For the first time ever we have an insulated three stall garage with copius built-in cupboards and cabinets. It has yet to get below freezing out there.
There is some trouble in paradise, however, since the cupboards take up so much space that Husband’s pickup is too long to fit in the garage. He is happy to park it outside, but he is concerned how to make sure it can start on the coldest days.
When he worked on the Fort Berthold Reservation he had an electromagnetic thingy that attached to the engine block and kept everything nice and warm. The only problem with one of those now is that he has to crawl under the truck to attach it, and he isn’t that limber anymore. It also needs to be removed before you drive the vehicle. I phoned a local car repair place and asked if the still installed block heaters, something that he could easily just plug in. They hemmed and hawed and told me that block heaters are a thing of the past but they could install one. I declined, as they sounded so hesitant. We went to NAPA and got another electromagnetic thingy and he will deal with it. It is on the oilpan now. If he has trouble crawling out and standing up I will help him.

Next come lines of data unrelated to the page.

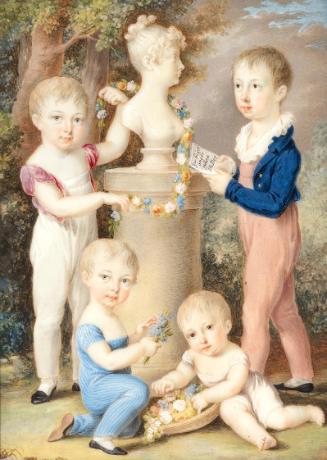 Unbekannter Künstler, Kinder bekränzen die Büste ihrer Mutter, um 1810, Mischtechnik auf Papier…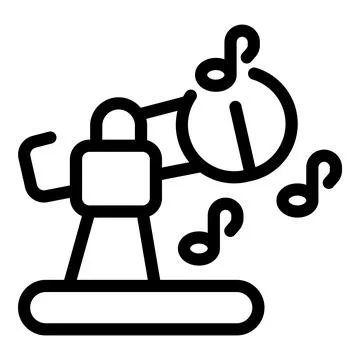 Professional studio microphone broadcasting music icon Stock Illustration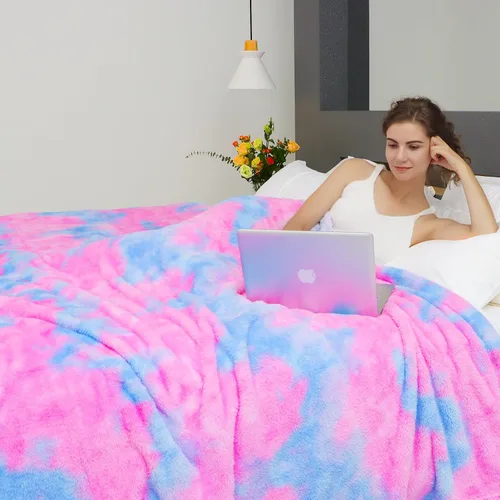 Vista 38 de MUGD Manta rosa para cama, manta de forro polar rosa claro, mantas suaves para mujeres y niñas, bonita decoración del hogar B-bean Rosa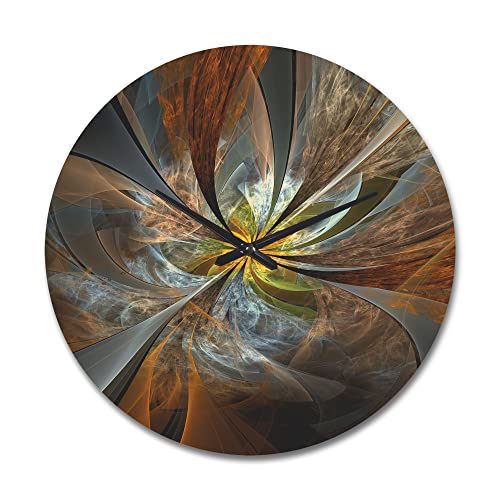 DesignQ 'Yellow Symmetrical Fractal Flower' Modern Wood Wall Clock,36x36,CLW7254 Large Decorative Modern Wall Clock Oversized Wood Clocks for Living Room Décor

For some reason, this put in my mind a conversation I had with a directory assistance operator I had in the early 1980’s when we lived in Winnipeg. This was before computer search engines. I needed the phone number for the Curtis Hotel in Minneapolis. We had stayed there on our honeymoon a year or so before and were planning a trip to the Cities. The operator told me there was no such number. I argued with her that there must be, and she finally got exasperated with me and said “Ma’am, they blew it up!” I had missed that news.

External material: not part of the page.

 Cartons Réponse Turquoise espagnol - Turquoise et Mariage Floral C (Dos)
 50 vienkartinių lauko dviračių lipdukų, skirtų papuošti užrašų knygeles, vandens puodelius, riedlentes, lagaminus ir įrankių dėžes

What have you discovered to be obsolete? Any memories of the Curtis Hotel? Do you have an engine block heater?
We retired from Taiwan to the USA in 2018, and didn’t bring all that much with us. My wife’s parents had downsized the previous year, and imagined (rightly) that they were provisioning us for a retirement much like theirs. For example: we received their VHS player. We also received a turntable for the vinyl records they gave us, and 3 or 4 recliner chairs.
They didn’t use a computer, so we were saved having to decommission one of those, but plenty of the old files that I brought along on various media will never again be accessed.
We bought an electric Chevy recently enough to still be making payments on it until the middle of 2026, so we don’t heat the block or change the oil.
I sense a round of de-accessioning in the first half of 2026. The house is big, and the basement is hardly full, but I have too damn much stuff.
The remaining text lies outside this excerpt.